▶ [PROBLEM STATEMENT]: Omit the pictures. Transcribe exactly the lines below, from the one with "NIVEA Peach Lip" up to and including the last.

[Captioned web images]
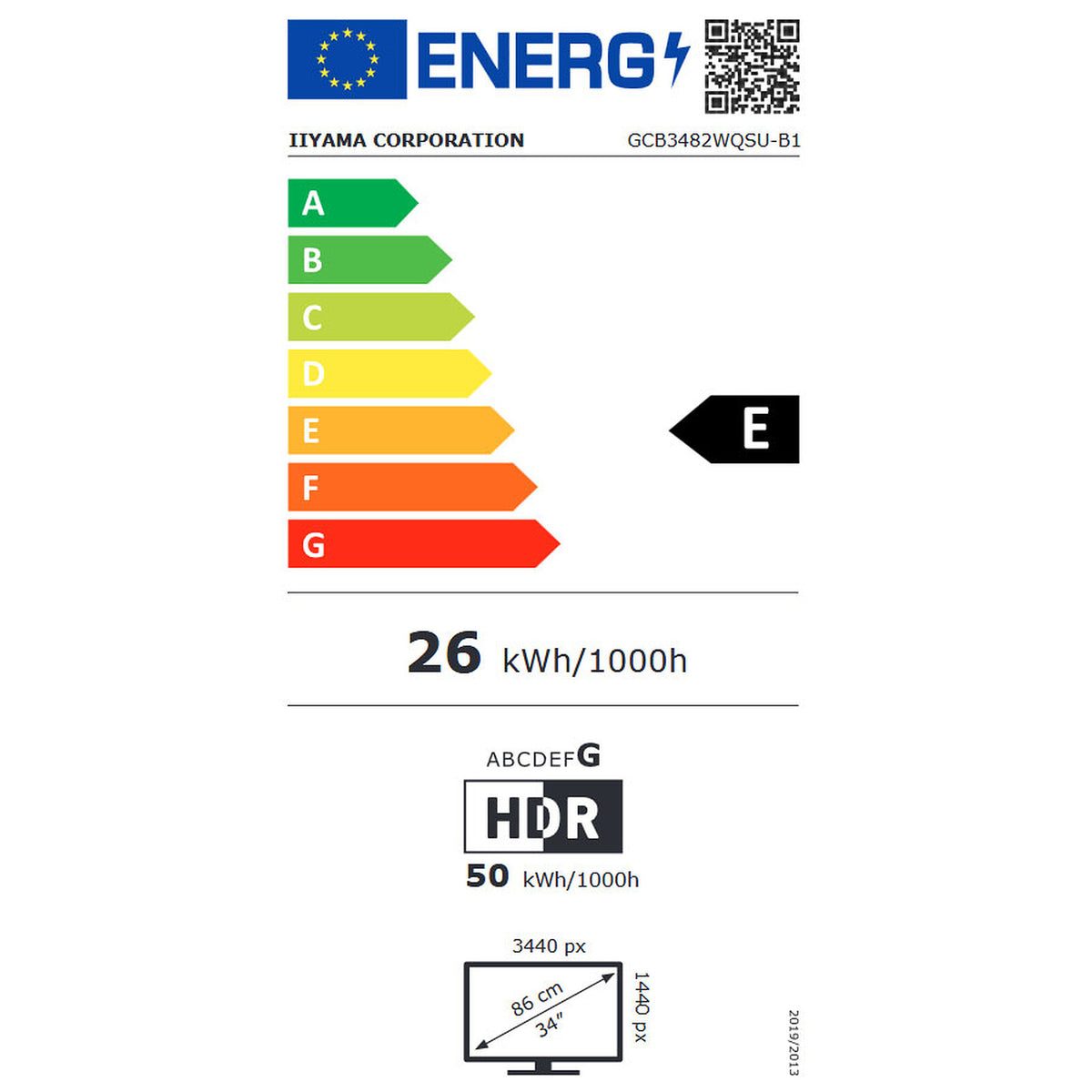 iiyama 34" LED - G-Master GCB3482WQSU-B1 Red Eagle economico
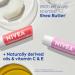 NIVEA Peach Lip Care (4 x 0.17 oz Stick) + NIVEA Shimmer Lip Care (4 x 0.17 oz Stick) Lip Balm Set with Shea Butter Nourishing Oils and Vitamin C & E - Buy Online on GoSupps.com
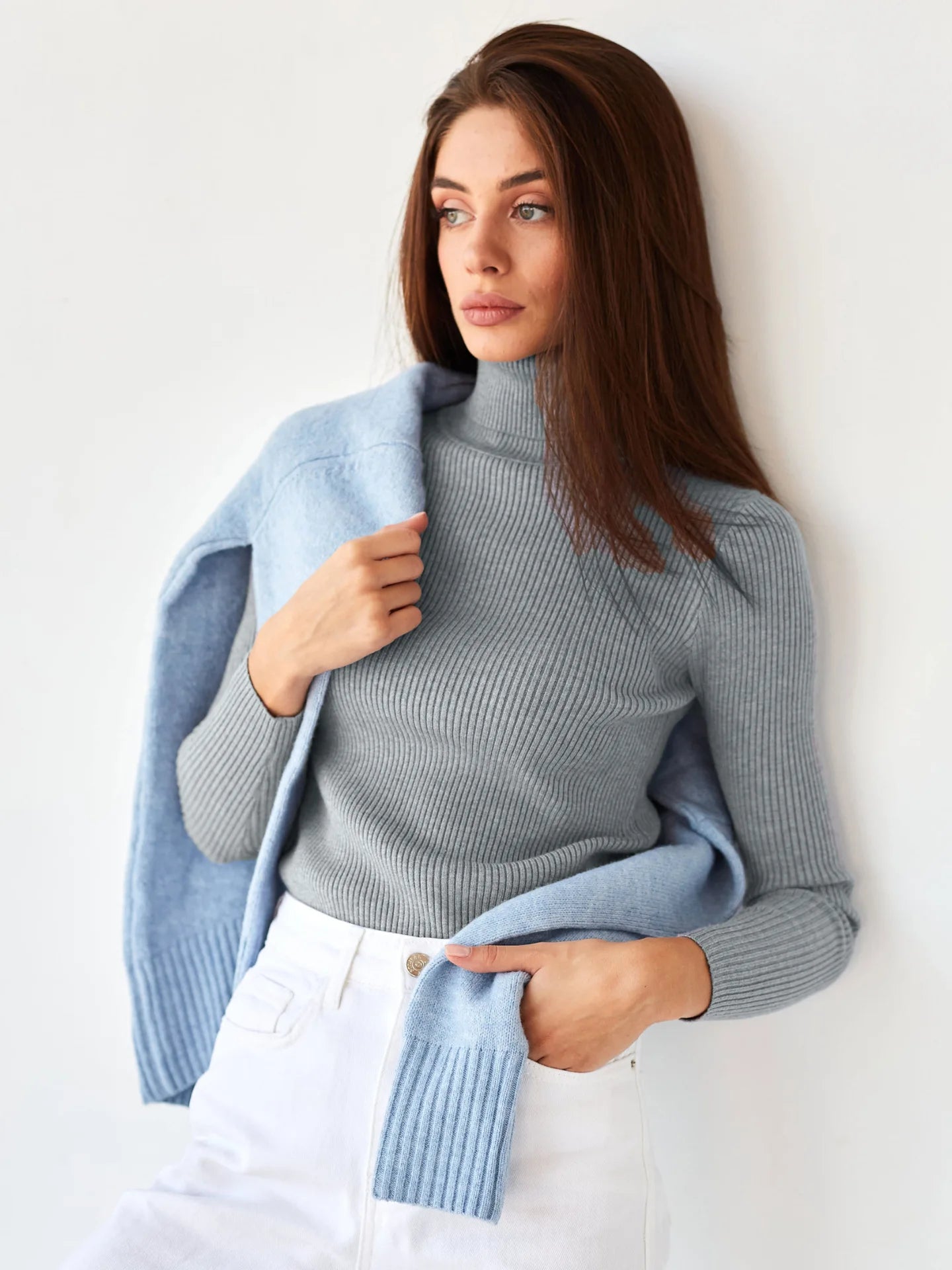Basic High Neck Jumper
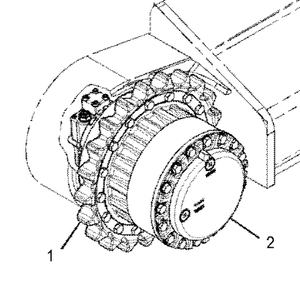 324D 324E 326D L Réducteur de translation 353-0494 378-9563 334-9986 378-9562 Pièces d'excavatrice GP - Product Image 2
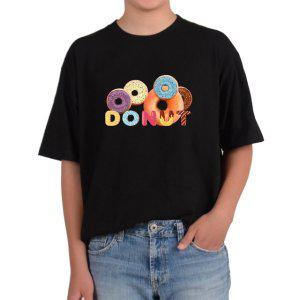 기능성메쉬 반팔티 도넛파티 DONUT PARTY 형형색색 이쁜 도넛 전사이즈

▶ [ANSWER TO THIS EXERCISE]:
 NIVEA Peach Lip Care (4 x 0.17 oz Stick) + NIVEA Shimmer Lip Care (4 x 0.17 oz Stick) Lip Balm Set with Shea Butter Nourishing Oils and Vitamin C & E - Buy Online on GoSupps.com
Basic High Neck Jumper
 324D 324E 326D L Réducteur de translation 353-0494 378-9563 334-9986 378-9562 Pièces d'excavatrice GP - Product Image 2
 기능성메쉬 반팔티 도넛파티 DONUT PARTY 형형색색 이쁜 도넛 전사이즈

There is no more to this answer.